Task prompt: The stretch from the line with "紅橋紅紅木 紅橋紅紅木" through the line with "A new with tags" in the records below: write it out exactly, and nothing else.

━━ Given records

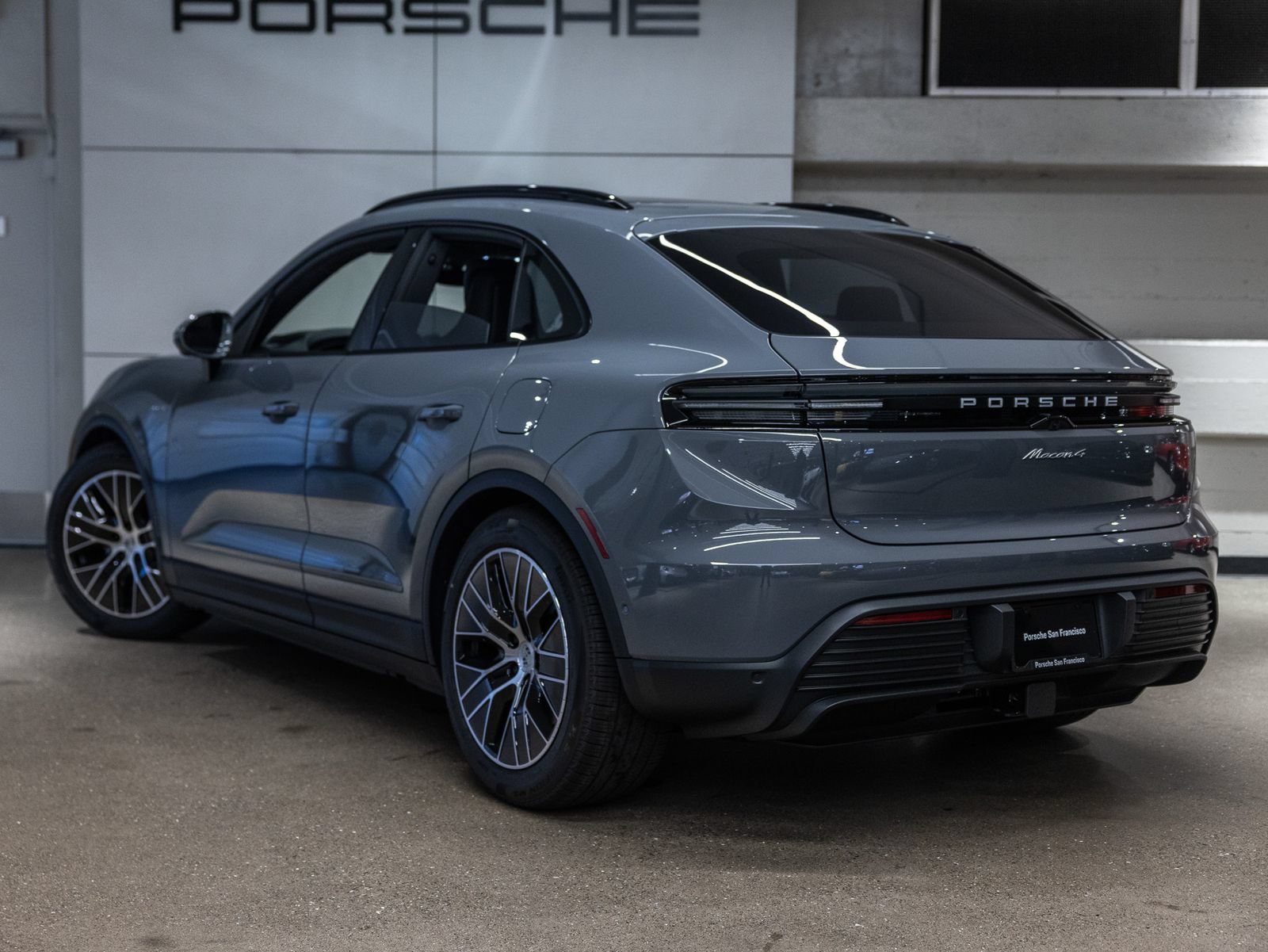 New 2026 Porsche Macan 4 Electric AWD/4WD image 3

━━━━
━━ Given records

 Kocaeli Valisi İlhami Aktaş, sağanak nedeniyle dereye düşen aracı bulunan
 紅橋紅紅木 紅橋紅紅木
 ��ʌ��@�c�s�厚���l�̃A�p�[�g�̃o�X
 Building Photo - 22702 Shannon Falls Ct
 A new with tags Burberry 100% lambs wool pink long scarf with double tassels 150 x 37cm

━━━━

Answer to the exercise:
 紅橋紅紅木 紅橋紅紅木
 ��ʌ��@�c�s�厚���l�̃A�p�[�g�̃o�X
 Building Photo - 22702 Shannon Falls Ct
 A new with tags Burberry 100% lambs wool pink long scarf with double tassels 150 x 37cm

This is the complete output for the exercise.